• **RECORDS FOR THIS EXERCISE**:
--- START ---

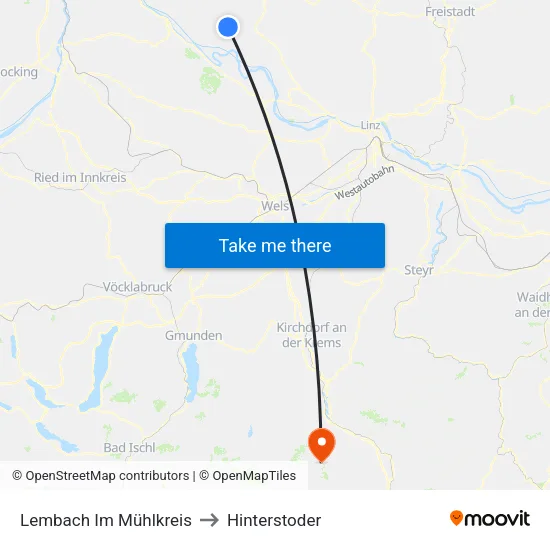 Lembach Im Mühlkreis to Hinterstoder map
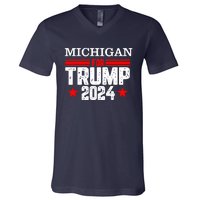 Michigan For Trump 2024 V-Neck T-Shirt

--- END ---
--- START ---

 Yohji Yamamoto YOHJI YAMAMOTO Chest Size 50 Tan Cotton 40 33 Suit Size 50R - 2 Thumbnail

--- END ---

• **PROBLEM DESCRIPTION**:
Your copy should hold the lines from the one with "Lembach Im Mühlkreis to Hinterstoder map" up to and including the one with "Michigan For Trump 2024 V-Neck T-Shirt", exactly as in the data above, and no pictures.

• **OUTPUT FOR THIS TASK**:
 Lembach Im Mühlkreis to Hinterstoder map
 Michigan For Trump 2024 V-Neck T-Shirt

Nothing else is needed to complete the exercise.